A perfectly competitive firm’s total cost is TC = 25 + 0.5Q2. The firm can sell as much as it
wants at a market determined price of $50. What will happen if there are no barriers to
entry?
a. Firms will enter the industry.
b. Firms will exit the industry.
c. Firms will neither enter nor exit the industry.
d. The firm will shut down.
e. None of the above.
Which of the following is true for a monopoly?
a. P = MC
b. P = MR
c. P > MR
d. P < MR
e. None of the above.
1. A perfectly competitive profit maximizing firm produces at the point where market price = MC.
Given that, TC = 25 + 0.5Q²
Or, MC = d(TC)/dQ = 0 + (0.5*2)Q = Q
Setting price = MC we get, Q = 50.
Therefore, profit maximizing output is 50 units for a firm.

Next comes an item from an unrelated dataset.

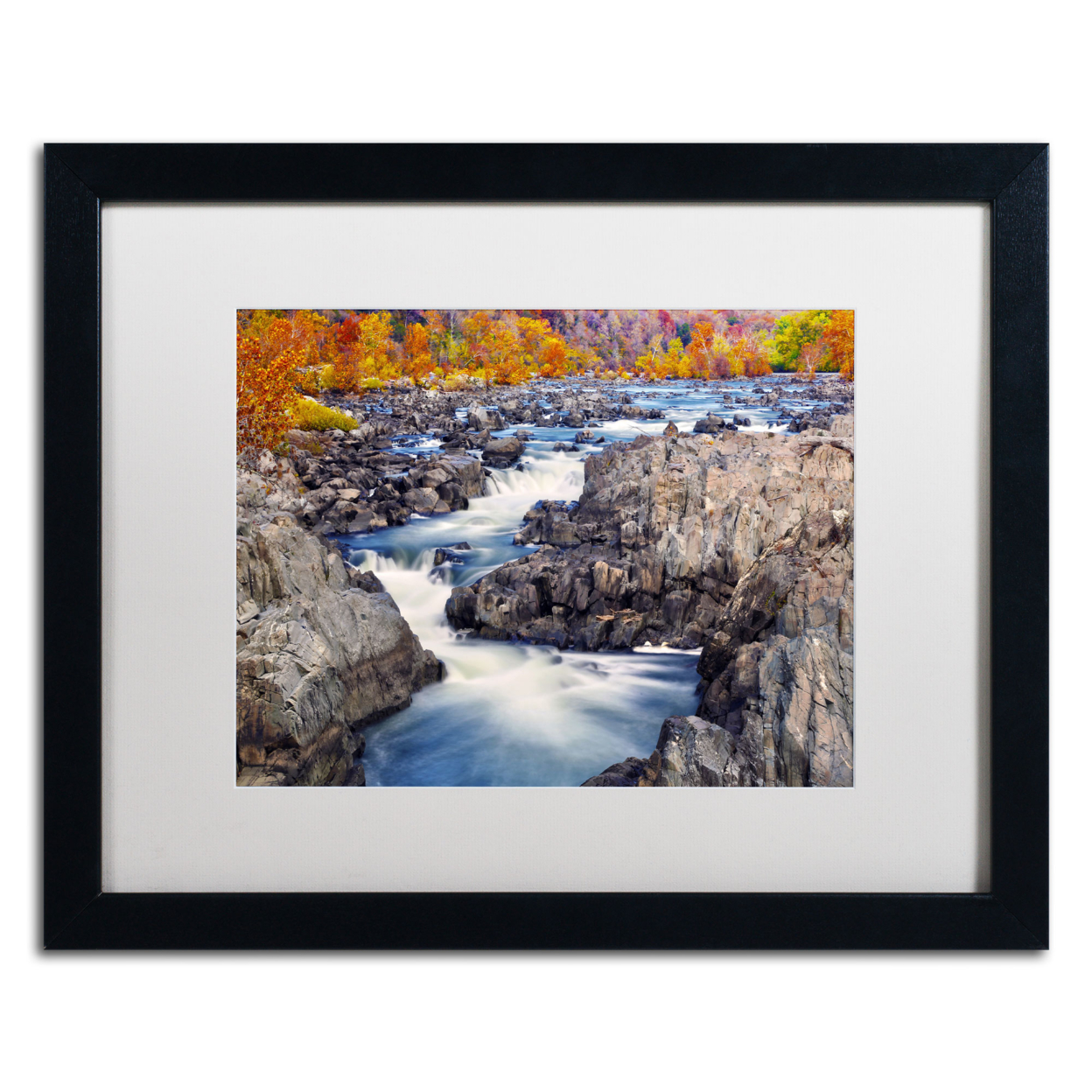 CATeyes 'Great Falls' Black Wooden Framed Art 18 X 22 Inches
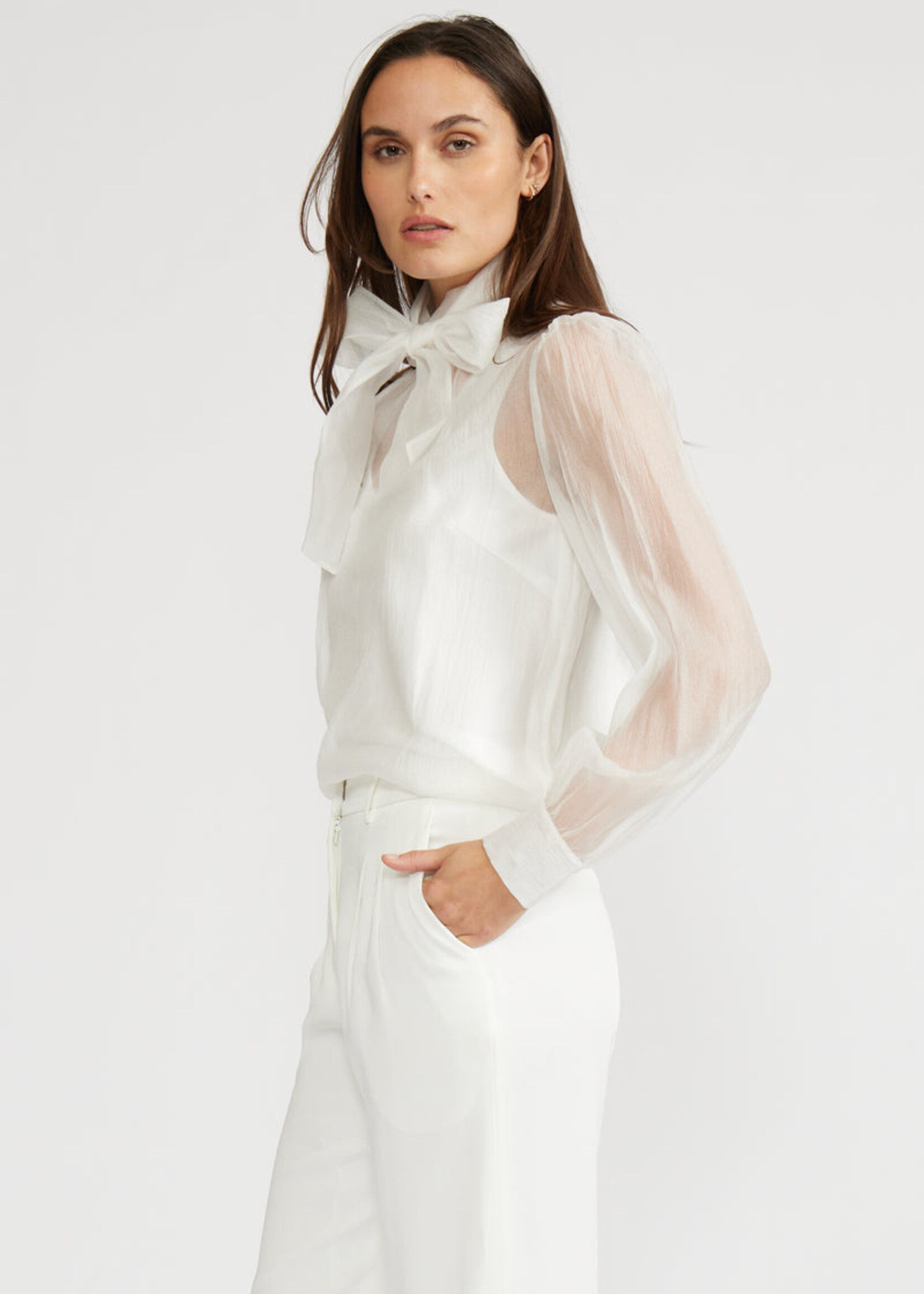 Lucy Paris Lucy Paris Natasia Sheer Blouse - White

At this Quantity, TC = 25 + 0.5(50)² = $150
And, total revenue = price* quantity = $(50*50) = $2500
At the profit maximizing output level, total revenue > total cost. It means each firm makes positive economic profit in the short run. This positive profit will attract other firms to the market and in the long run, other firms will enter the market.
Answer: option A
2. A profit maximizing monopolist produces at the point where MR = MC and sets it's profit maximizing price at the point where profit maximizing quantity lies on the demand curve. So for a monopoly, at the profit maximizing output level, price > MR.